On his part, Executive Secretary, FCT Primary Health Care, Dr. Yahaya Isah Vatsa, disclosed that people most vulnerable to Diptheria were those who did not get required vaccination.
Vatsa listed more symptoms of the disease, including sore throat, red eyes and difficulty in breathing.
“Diphtheria spreads easily between people through direct contact with infected people, droplets from coughing or sneezing and contact with contaminated clothing and objects, thereby underscoring the importance of hygiene and environmental sanitation in the prevention,” Vatsa reiterated.
“To reduce the risk of contracting the disease, FCT residents are hereby advised to ensure that their children are fully vaccinated with three (3) doses of the pentavalent vaccine as recommended in the National Childhood Immunization schedule,” he said.
“The FCTA through the Primary Health Care Board has concluded plans to revaccinate all children 14 years and below in the affected community with the appropriate vaccines, irrespective of their previous vaccination status,” he revealed.

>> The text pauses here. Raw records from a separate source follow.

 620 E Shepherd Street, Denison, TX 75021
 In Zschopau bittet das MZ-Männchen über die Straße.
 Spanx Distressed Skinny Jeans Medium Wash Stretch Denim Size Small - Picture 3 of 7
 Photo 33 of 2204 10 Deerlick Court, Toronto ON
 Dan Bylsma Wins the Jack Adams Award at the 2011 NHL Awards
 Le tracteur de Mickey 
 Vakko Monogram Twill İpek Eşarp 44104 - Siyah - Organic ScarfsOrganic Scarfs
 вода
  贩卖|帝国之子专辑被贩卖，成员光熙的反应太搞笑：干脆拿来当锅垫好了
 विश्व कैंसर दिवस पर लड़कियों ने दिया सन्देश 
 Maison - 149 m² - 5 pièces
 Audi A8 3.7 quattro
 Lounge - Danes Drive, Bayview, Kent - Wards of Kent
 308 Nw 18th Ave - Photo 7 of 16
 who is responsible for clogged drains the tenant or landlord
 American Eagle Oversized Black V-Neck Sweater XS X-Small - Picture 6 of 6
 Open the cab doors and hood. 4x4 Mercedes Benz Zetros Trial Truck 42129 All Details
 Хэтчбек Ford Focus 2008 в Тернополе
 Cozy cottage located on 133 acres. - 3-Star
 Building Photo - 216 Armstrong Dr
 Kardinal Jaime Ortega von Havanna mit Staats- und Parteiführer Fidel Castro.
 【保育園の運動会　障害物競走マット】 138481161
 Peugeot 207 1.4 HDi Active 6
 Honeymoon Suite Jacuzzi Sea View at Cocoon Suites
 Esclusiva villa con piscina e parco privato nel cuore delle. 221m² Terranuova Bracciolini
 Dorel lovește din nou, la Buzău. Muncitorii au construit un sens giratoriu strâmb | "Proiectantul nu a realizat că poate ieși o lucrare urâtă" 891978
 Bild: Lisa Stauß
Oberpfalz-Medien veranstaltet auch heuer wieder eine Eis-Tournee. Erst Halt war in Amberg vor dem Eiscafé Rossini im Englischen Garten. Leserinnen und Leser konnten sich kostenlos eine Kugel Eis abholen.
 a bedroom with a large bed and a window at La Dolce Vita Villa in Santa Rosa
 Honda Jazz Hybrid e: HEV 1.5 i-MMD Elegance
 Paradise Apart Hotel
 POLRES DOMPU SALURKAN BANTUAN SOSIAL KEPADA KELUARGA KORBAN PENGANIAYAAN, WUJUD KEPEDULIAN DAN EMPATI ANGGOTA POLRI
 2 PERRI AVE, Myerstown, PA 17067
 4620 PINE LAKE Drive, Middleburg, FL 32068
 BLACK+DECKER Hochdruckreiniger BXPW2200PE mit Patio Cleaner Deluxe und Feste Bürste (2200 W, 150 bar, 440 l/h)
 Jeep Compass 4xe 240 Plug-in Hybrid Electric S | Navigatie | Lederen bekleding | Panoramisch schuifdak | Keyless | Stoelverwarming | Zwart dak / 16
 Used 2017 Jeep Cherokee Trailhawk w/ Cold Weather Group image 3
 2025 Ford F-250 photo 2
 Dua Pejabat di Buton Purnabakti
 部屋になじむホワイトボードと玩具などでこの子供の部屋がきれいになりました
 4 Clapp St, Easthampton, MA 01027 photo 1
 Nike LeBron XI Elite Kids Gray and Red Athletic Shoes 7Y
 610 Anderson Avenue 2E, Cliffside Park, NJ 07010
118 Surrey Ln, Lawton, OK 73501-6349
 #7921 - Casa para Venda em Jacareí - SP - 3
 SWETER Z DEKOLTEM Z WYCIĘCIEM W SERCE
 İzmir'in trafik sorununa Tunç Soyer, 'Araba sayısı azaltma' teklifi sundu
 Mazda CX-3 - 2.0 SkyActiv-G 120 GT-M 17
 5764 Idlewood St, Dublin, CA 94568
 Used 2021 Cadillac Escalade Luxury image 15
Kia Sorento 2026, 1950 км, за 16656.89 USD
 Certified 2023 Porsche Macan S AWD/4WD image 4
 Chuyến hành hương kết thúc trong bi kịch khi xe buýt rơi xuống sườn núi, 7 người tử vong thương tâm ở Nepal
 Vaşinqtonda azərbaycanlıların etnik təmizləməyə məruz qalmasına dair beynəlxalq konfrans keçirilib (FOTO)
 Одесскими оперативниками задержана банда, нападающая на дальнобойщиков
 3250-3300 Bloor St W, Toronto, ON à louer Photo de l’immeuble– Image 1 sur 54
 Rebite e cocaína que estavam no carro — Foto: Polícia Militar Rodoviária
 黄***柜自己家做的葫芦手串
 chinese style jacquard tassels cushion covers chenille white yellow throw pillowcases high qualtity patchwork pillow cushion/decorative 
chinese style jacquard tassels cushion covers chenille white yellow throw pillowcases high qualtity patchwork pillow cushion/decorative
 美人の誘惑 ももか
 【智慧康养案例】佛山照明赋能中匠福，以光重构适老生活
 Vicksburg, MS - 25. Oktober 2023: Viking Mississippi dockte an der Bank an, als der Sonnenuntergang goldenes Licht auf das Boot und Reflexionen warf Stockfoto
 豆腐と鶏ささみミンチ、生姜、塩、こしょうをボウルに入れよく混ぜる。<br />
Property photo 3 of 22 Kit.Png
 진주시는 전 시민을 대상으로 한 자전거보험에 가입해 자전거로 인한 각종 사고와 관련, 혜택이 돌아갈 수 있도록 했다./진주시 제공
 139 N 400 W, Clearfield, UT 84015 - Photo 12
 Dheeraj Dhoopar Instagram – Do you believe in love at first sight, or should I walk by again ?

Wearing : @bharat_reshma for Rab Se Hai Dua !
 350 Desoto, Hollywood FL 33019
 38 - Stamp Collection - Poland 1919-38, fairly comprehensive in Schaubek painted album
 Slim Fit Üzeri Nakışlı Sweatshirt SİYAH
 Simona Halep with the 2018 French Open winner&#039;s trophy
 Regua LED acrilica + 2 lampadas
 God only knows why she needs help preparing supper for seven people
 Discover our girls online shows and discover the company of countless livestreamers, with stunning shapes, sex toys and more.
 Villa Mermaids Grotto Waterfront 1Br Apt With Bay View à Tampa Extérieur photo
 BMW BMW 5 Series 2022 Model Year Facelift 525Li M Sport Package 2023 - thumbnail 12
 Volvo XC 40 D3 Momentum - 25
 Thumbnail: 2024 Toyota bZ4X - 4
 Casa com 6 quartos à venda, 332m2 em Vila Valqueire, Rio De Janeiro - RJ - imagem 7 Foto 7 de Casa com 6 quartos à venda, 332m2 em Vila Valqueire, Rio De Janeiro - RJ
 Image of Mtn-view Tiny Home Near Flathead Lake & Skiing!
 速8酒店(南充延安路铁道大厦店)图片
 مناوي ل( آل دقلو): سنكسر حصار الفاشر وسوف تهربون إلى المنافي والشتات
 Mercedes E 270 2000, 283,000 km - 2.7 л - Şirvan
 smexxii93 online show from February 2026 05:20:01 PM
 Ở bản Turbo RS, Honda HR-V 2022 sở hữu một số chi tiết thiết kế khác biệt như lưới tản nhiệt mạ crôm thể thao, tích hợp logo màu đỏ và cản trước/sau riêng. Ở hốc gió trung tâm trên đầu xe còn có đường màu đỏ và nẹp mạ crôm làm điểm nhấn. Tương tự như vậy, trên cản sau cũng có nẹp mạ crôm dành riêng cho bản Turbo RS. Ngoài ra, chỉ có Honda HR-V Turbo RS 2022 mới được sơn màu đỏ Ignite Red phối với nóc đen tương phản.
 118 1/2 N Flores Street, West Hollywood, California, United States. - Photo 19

“Individuals with any of the signs and symptoms suggestive of diphtheria should isolate themselves and notify the FCT Disease Surveillance Notification Officer (DSNO), and/or the Emergency Operation Center (EOC) through our FCT Call Center toll-free lines,” he maintained.
“Close contacts with the confirmed case of diphtheria are being closely monitored with prophylactic antibiotics”, he explained.
Vatsa also stated that symptoms of Diptheria were similar to those of COVID-19, even as he stressed: “Emphasis is that people should go for vaccination” and advised: “Go back to personal hygiene”, including frequent washing of hands, among others.